Il est difficile de dire quel type de législation serait le meilleur pour le Canada. Faut-il aller dans le sens de l’abolition ou de la légalisation de la prostitution ? Nous ne pouvons pas répondre catégoriquement à cette question compte tenu de l’état actuel de nos connaissances. Mais nous observons une polarisation des positions entre abolitionnistes et tenants de la libéralisation qui génère des lectures réductrices et qui concentre le débat sur des aspects limités de la question, notamment juridiques, plutôt que d’ouvrir sur l’ensemble du phénomène et de son inscription dans notre culture.

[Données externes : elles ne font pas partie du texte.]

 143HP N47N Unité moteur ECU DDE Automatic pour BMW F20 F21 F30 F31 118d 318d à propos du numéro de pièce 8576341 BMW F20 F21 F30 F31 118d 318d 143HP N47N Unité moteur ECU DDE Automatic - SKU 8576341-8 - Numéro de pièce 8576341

Toute loi contient ses effets pervers, un projet abolitionniste pouvant entraîner un déplacement du problème vers d’autres lieux ou accentuer la clandestinité des pratiques prostitutionnelles, un projet pro-libéralisation transformant éventuellement l’État en « pimp » ou encourageant les trafiquants internationaux à venir faire des profits faciles sur le territoire. Pour le moment nous choisissons de débattre largement de la prostitution et de ses différentes composantes et de soulever des questions qui nous tiennent à cœur.

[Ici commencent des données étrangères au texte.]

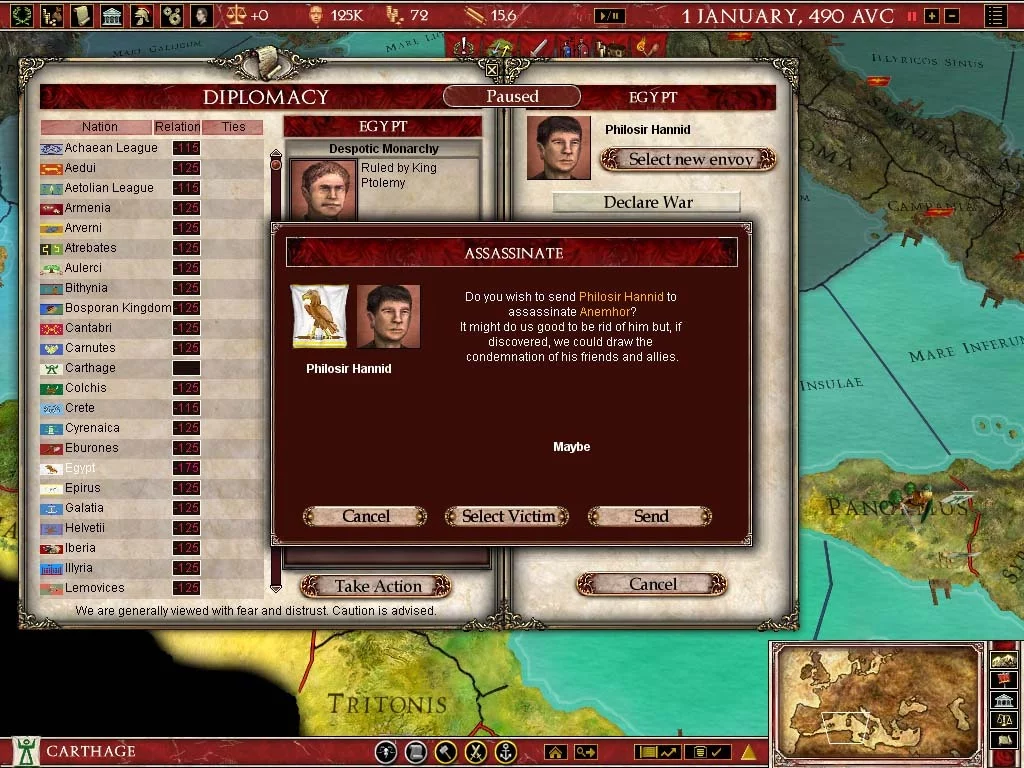 Изображение игры: Europa Universalis: Rome - Gold Edition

Notre lecture féministe du corps, de la sexualité et des rapports hommes/femmes nous amène à refuser de considérer la prostitution comme un métier comme un autre. Si tel était le cas, nous n’aurions pas de peine à voir nos sœurs, nos filles ou nos amies exercer ce métier. La prostitution est une pratique dure, souvent dangereuse, qui implique un usage intensif et répétitif du corps et une invasion à nulle autre pareille de l’intimité. Elle constitue à nos yeux une forme d’aliénation et d’exploitation du corps et de la personne des femmes. Il ne s’agit évidemment pas de la seule forme d’exploitation des femmes dans les sociétés patriarcales, mais celle-là, comme toutes les autres formes d’exploitation, doivent être dénoncées.
Nous sommes conscientes, par ailleurs, des différentes formes de marginalisation que subissent les femmes prostituées. Il importe que nos lectures de la situation ne renforcent pas leur marginalisation. Les valeurs de solidarité féministe et de sororité nous amènent à percevoir le continuum prostitutionnel qui relient nos vies. Qui ne s’est jamais « prostitué », en paroles ou en actes, par la flatterie ou le mensonge, pour obtenir une forme ou l’autre de sécurité économique, un avantage matériel ou symbolique, un privilège ou tout simplement la sainte paix ? En élargissant la définition du concept de prostitution on s’aperçoit que l’humanité partage, plus qu’on ne le pense de prime abord, des éléments du vécu prostitutionnel. Il ne s’agit pas ici de gommer l’expérience spécifique des personnes qui offrent des services sexuels contre rémunération mais de se savoir partie prenante de l’expérience humaine de la prostitution. Il n’y a pas les prostituées d’un bord et de l’autre celles qui savent et qui jugent. Il y a des femmes en quête de leur humanité qui peuvent s’écouter et s’entraider.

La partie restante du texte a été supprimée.